The battle for the urn is locked at 1-1 with two games to play after Stokes’ heroics at Headingley pulled the hosts back from the cliff edge, a stunning unbeaten century guiding England to a one-wicket win that instantly earned its status as one of the greatest Tests in history.
Ordinarily, the chance to see the Durham all-rounder pick up where he left off – relentlessly raining sixes down on a wilting Australia attack – would be the only show in town, but this is no ordinary contest.
Instead, there will be equal intrigue on the resumption of the compelling tussle between Smith and Archer, the latter having been felled by a 92mph bouncer to the neck at Lord’s with a subsequent concussion ruling him out of the last match.
Not for the first time this summer, there is a palpable sense of excitement around the England side and Root is eager to ride the wave.
“This is a very special week and a great opportunity for us to build on what was a fantastic win and carry that forward,” he said.
“You come off a back win like that and it’s a big lift for the whole squad, for that game to unravel how it did and for us to turn up here full of confidence and very much alive in this series.
“Every ground we’ve been to we’ve been blessed with brilliant support. It’s been evident everywhere we’ve gone. Everyone wants to play in front of full stadiums and be a part of this.”
There is one new face in the home XI, with Somerset’s Craig Overton recalled 18 months after winning the last of his three caps.
He has not been in an England squad all year but takes Chris Woakes’ place in the side having also edged out Sam Curran, who has been an ever-present squad member without featuring against Australia.
It is, perhaps, notable that his first Test wicket was Smith – clean bowled by an inswinger in Adelaide – and Root has backed him to justify his call-up.
“He’s a competitor,” he said.
“You saw him come into Ashes cricket on debut and straight away he looked very much at home and got himself in a battle.
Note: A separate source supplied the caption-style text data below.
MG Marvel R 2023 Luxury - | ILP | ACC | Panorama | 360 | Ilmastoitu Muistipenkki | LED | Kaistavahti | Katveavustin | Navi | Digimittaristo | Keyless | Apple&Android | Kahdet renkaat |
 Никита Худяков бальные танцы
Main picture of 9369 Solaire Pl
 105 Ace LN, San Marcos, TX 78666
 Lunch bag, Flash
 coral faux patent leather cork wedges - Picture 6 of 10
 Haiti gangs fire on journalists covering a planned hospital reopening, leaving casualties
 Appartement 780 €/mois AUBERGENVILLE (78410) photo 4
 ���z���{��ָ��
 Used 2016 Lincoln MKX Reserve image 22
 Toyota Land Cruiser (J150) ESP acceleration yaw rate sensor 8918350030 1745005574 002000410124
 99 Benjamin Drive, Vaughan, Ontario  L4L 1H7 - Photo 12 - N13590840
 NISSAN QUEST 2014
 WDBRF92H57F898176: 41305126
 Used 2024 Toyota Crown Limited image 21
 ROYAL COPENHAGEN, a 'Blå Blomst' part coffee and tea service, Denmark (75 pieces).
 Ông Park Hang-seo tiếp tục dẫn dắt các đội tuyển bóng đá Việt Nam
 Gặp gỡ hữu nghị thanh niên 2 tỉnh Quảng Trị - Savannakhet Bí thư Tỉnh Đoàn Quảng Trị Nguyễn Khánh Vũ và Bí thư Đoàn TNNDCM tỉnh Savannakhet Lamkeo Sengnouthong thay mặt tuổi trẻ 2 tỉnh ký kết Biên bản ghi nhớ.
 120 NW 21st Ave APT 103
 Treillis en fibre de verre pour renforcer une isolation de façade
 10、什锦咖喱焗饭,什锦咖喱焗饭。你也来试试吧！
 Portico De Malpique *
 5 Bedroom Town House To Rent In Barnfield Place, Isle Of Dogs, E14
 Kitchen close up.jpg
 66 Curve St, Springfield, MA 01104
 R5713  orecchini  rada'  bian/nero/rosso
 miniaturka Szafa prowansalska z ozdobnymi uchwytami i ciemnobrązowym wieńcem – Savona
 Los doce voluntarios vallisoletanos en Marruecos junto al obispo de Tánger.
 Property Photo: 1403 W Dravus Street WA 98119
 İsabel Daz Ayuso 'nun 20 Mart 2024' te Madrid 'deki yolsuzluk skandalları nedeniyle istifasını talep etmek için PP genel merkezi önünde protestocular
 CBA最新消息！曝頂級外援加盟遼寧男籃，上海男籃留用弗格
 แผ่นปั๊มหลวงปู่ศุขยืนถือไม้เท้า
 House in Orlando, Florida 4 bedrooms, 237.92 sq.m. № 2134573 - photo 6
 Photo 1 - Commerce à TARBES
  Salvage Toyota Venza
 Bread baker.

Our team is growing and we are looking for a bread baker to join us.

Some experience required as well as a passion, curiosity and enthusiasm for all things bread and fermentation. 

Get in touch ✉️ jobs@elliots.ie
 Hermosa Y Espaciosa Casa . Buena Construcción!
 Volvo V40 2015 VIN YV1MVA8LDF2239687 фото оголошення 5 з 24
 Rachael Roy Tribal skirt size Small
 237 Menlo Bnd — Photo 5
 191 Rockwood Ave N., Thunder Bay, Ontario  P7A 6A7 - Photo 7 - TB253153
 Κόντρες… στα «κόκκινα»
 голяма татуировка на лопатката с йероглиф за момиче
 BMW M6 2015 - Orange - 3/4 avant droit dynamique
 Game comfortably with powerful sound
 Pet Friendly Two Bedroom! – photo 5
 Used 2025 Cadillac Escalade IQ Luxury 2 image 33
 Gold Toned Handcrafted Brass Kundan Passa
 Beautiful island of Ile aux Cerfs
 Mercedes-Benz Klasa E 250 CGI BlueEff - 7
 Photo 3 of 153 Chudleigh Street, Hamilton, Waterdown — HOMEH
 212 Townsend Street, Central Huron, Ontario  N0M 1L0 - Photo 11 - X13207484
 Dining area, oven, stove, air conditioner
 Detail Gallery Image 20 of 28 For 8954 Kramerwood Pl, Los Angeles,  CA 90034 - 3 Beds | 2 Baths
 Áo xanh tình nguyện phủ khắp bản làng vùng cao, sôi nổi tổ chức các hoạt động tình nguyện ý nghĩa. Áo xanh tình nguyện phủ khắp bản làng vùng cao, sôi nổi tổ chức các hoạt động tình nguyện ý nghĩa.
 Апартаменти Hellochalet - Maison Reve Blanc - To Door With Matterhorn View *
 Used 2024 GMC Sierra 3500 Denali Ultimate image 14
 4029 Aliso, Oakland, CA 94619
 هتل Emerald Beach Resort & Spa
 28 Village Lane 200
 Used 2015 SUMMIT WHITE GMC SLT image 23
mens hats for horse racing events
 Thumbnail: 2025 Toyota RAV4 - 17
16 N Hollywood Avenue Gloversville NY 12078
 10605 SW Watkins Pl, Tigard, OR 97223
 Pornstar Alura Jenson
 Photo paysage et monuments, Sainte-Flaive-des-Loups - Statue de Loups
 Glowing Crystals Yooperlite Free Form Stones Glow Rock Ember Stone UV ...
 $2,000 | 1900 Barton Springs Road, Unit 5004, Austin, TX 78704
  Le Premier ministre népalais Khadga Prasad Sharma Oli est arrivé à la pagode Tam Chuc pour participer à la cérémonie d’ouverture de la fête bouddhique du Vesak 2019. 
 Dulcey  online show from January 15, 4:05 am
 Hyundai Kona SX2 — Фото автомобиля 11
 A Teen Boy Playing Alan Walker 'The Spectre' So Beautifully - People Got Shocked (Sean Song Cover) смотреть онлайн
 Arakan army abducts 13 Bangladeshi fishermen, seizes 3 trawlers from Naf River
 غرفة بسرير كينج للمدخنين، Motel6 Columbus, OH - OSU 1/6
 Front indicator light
I’m expecting him to do just that this week.
“The extra bounce of a taller bowler gives us a different option on a ground that does perform slightly differently. He’s got good control, good skills and moves the ball off the straight. I expect him to cause some issues for the Australian batters.”
Visiting captain Tim Paine, meanwhile, has admitted he has spent nights wondering how to combat Stokes’ brilliance.
Asked if he feared for his future as captain should England complete their comeback and win the series, he said: “No, I haven’t lost a hell of a lot of sleep thinking about my captaincy but I have lost a bit of sleep thinking how we’re going to get him (Stokes) out, that’s for sure.
“He’s a class player and he’s really confident at the moment. He’s going well. We’ve got some plans for him but we’ve just got to execute them a bit better.”